Once we lift the front cover on the Kirkuk file, the first subject we can underline is the fact that this settlement was a Turkmen city for a very long period in history. At the end of World War I, Kirkuk went under the control of the British, and after 1941, it was left within the borders of the Kingdom of Iraq.

An important criterion we can use to identify the density of the Turkmens in all of Iraq and specifically in Kirkuk, is the population census where the Turkmens were counted as an ethnic group for the last time in 1957.

In this census, the Iraqi population was 6,300,000 and the Turkmens were the third most crowded ethnic group after the Arabs and the Kurds. The Turkmen population was 567,000, making up 9 percent of the total population.

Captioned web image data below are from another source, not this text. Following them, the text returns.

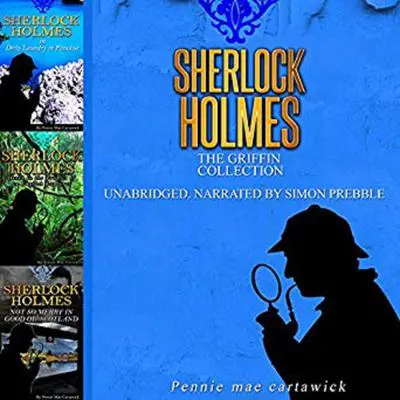 Sherlock Holmes: The Griffin Collection Audibook, by Pennie Mae Cartawick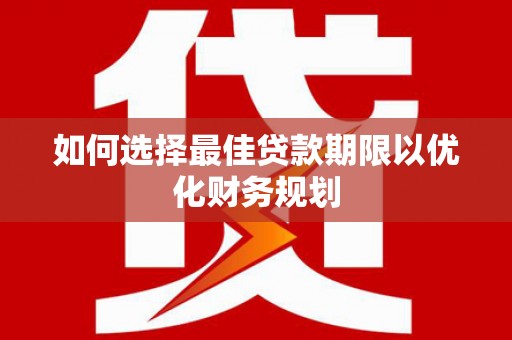 旬阳如何选择最佳贷款期限以优化财务规划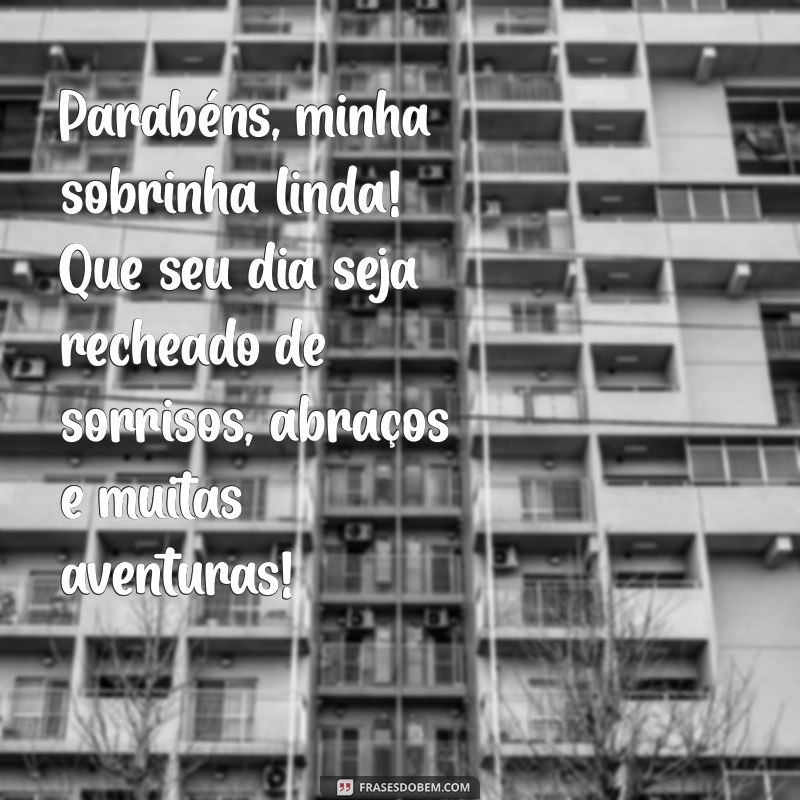 texto para sobrinha de aniversário Parabéns, minha sobrinha linda! Que seu dia seja recheado de sorrisos, abraços e muitas aventuras!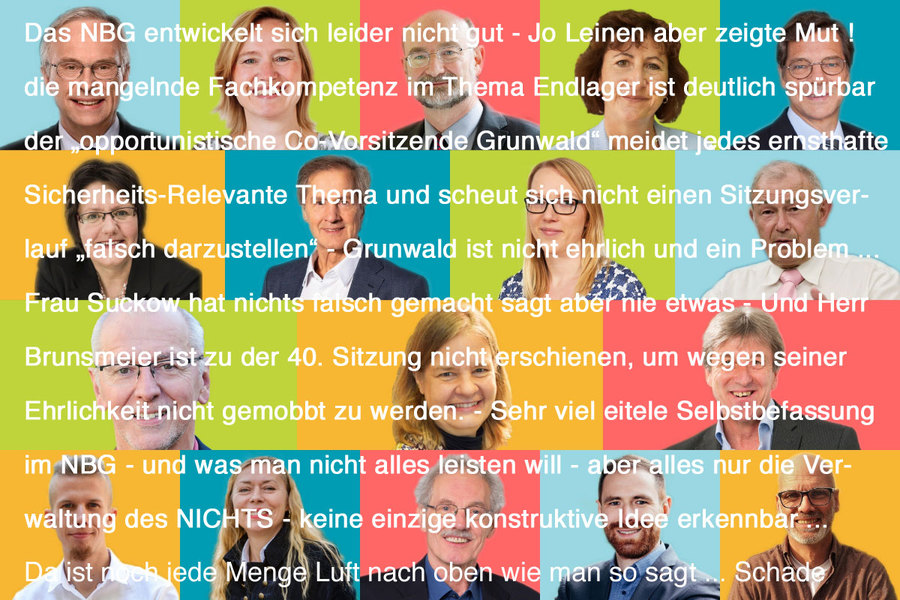Das NBG entwickelt sich leider nicht gut - Jo Leinen aber zeigte etwas Mut, die mangelnde Fachkompetenz im Thema Endlager ist deutlich spürbar, der „opportunistische Co-Vorsitzende Grunwald“ meidet jedes ernsthafte  Sicherheits-Relevante Thema und scheut 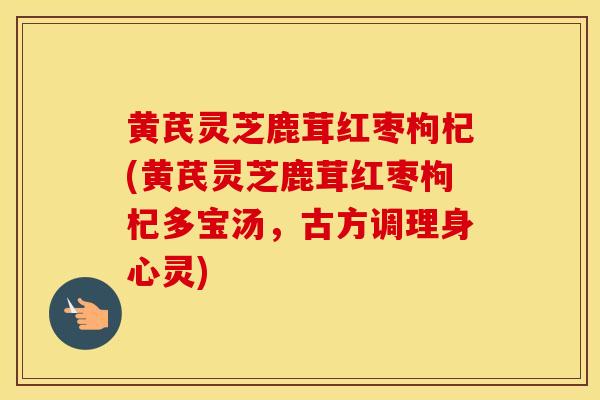 黄芪灵芝鹿茸红枣枸杞(黄芪灵芝鹿茸红枣枸杞多宝汤，古方调理身心灵)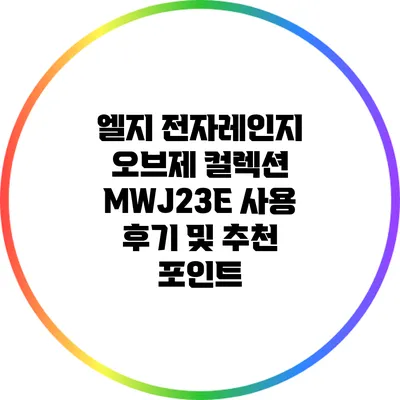 엘지 전자레인지 오브제 컬렉션 MWJ23E 사용 후기 및 추천 포인트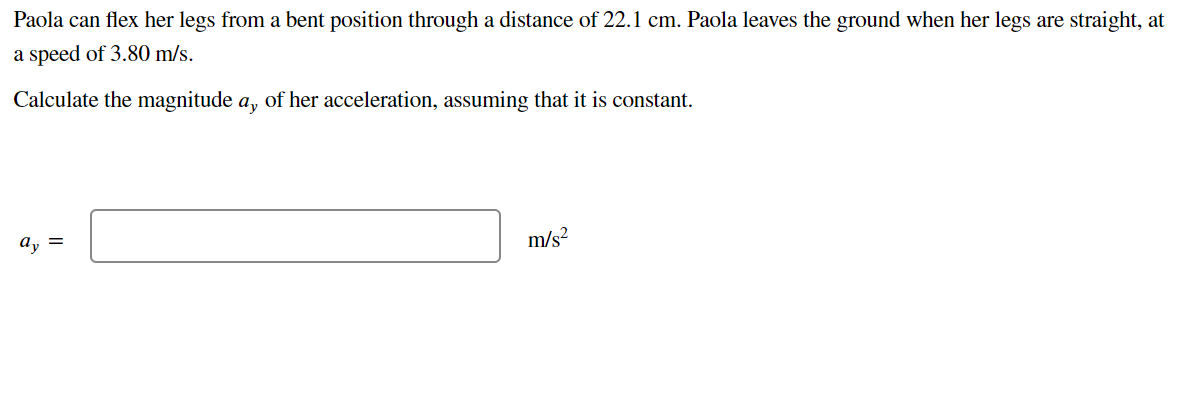 Paola can flex her legs from a bent position through a distance of 22.1 cm. Paola leaves the ground when her legs are straight, at
a speed of 3.80 m/s.
Calculate the magnitude a, of her acceleration, assuming that it is constant.
ay =
m/s²
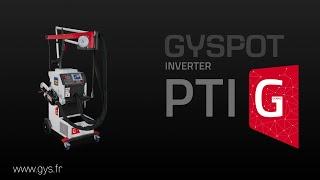 GYSPOT PTI.G : The ultimate spot welding machine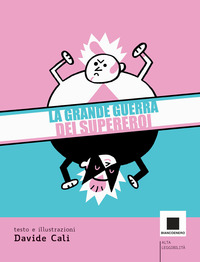 GRANDE GUERRA DEI SUPEREROI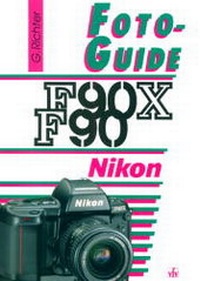 Abbildung von: Nikon F90X und F90 - vfv Verlag e.K.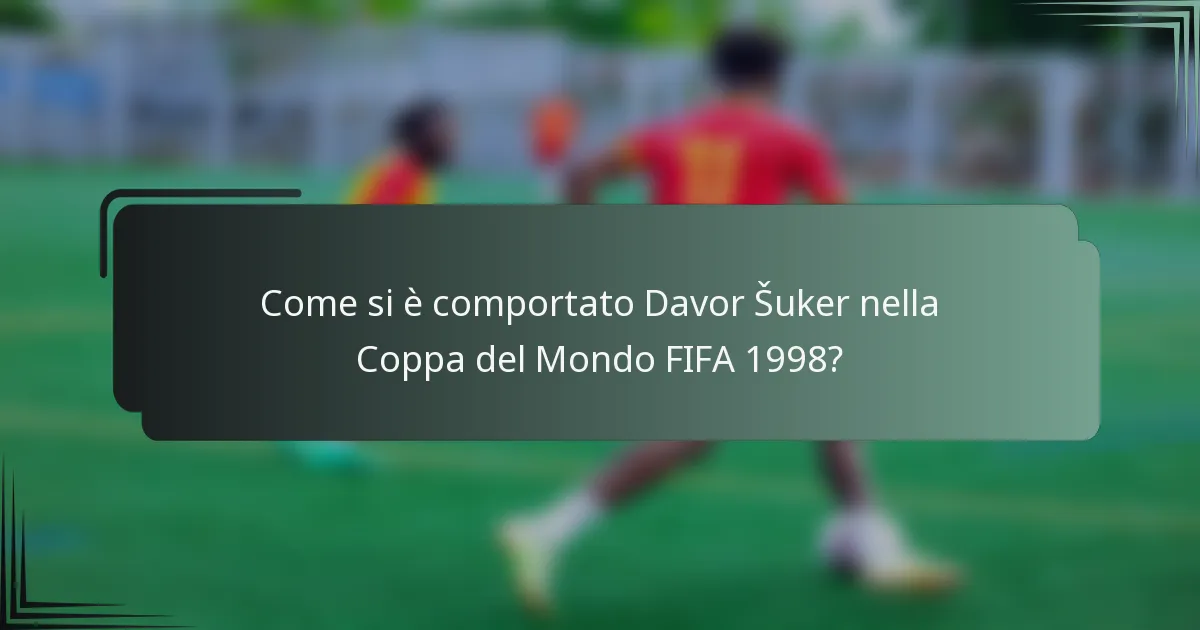 Come si è comportato Davor Šuker nella Coppa del Mondo FIFA 1998?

The Kurds made up 16 percent with a population of 1,042,000.

When we look at the results taken from the city center of Kirkuk in 1957, we see the Turkmens are a significant majority, making up 75 percent of the population and the Kurds coming in after with 20 percent.

On the other hand, the “Arabization” policy they were exposed to under the ruling of Baath starting in 1968 weakened the Turkmen majority in Kirkuk.

The regime of Baath made use of many devices to weaken the Turkmen majority in the city.

The most effective was sending the Turkmens and Kurds away from Kirkuk and making the Arabs settle in place of them.

They made it difficult for the Turkmens to own properties, forced them to take Arabic names and eliminated their cultural and educational rights.

As a result, it is possible to say that the Turkmen identity of Kirkuk was seriously damaged in favor of the Arab identity, during the period extending from the First Gulf War in 1991 and the U.S. occupation afterward in 2003.

In 2003, the American occupation of Iraq damaged this balance even more in terms of the Turkmens.

Kirkuk attracted a very big migration wave from the Kurdish population, who made use of the power vacuum created after the end of the Saddam Hussein regime.

This time, with the conscious policy of the Kurdish parties, a Kurdish settlement was supported in Kirkuk.

In a very short period of time, Kurds coming from all over Iraq and even from Iran and Syria, settled in Kirkuk and built many new neighborhoods inside the city and on its outskirts.

The offices of land titles were attacked and documents were destroyed.

Without a doubt, a segment of Kurds coming to Kirkuk were those who were expelled from Kirkuk by the Baath regime and it was their most natural right to do so.

Yet, it would not be wrong to say that an important percentage of them were not from Kirkuk. At the end, if a population census is taken in Kirkuk today, it is very likely the Kurds will be the most crowded ethnic group in the city.

The Kurdization of Kirkuk in this way after 2003 is done under the patronage of the United States.

The U.S., who reacted to Turkey when the parliament rejected U.S. entry to Iraq via Turkish soil on March 1, 2003, paved the way for the Kurds to form the new Iraq and maintained an attitude of sponsorship on this issue.

For example, Iraq’s new constitution that was written in the process and accepted in 2005 placed a strong emphasize on the identities of the Arabs and the Kurds as equal founders.

According to the constitution, the government has two official languages: Arabic and Kurdish. The Turkmens, along with the Assyrians and the Chaldeans took the status of minorities.

By contrast, the decree rejected by the parliament on March 1 included important regulations with regard to guaranteeing the rights of the Turkmens. One being on the violation of the green border, which separated the Kurdish region in the north from Mosul and Kirkuk.

The military memorandum of understanding committed the U.S. to use military force in case the regime opponents would pass this border. And if the U.S. could not do this alone, it was stated that it could take support from Turkey.
This document therefore, prevented the Kurdish groups from passing into Kirkuk.

The basic policies of the new constitution that would be prepared after the war in Iraq was included in the political document as also part of the decree.
“Every founding nation of Iraq, the Arabs, Kurds and Turkmens and along with the Assyrians, Chaldeans and other’s rights and freedom must be protected,” said the document. The Turkmens were identified as the fundamental component of the new Iraq together with the Arabs and the Kurds.

When we look at today, we can say the situation in Kirkuk, which is located on very rich oil reservoirs, has the potential to become a big crisis that can expand to the whole region in a short period of time.

Therefore, it is for the benefit of the actors who take part in this conflict, to think twice before taking any step.